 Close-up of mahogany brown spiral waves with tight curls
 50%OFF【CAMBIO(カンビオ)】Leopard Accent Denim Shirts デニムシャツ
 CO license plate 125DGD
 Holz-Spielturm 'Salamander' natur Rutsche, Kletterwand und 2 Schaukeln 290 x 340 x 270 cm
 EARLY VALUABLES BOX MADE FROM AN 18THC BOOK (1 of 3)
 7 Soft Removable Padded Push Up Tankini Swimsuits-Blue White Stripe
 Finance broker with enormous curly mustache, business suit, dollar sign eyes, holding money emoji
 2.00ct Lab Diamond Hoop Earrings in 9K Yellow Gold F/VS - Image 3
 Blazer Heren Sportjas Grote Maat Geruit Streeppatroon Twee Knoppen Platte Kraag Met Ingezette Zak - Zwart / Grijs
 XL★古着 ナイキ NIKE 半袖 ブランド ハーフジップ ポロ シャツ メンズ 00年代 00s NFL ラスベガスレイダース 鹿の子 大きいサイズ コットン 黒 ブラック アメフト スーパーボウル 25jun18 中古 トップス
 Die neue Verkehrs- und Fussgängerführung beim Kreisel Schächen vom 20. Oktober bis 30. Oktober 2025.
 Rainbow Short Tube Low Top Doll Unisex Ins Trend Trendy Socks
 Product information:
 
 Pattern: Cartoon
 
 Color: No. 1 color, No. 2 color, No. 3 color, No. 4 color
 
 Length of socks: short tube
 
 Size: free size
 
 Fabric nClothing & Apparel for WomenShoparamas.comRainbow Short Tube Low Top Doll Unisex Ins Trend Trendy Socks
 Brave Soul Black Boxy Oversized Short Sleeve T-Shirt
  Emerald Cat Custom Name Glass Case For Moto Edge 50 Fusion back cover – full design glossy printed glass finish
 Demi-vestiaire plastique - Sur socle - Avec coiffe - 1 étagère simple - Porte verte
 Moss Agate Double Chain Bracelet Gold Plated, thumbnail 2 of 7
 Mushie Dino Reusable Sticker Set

#### WORK REQUEST
Please filter the entries for the word "Trendy" and copy the lines that have it.

#### YOUR RESPONSE
 Rainbow Short Tube Low Top Doll Unisex Ins Trend Trendy Socks
 Fabric nClothing & Apparel for WomenShoparamas.comRainbow Short Tube Low Top Doll Unisex Ins Trend Trendy Socks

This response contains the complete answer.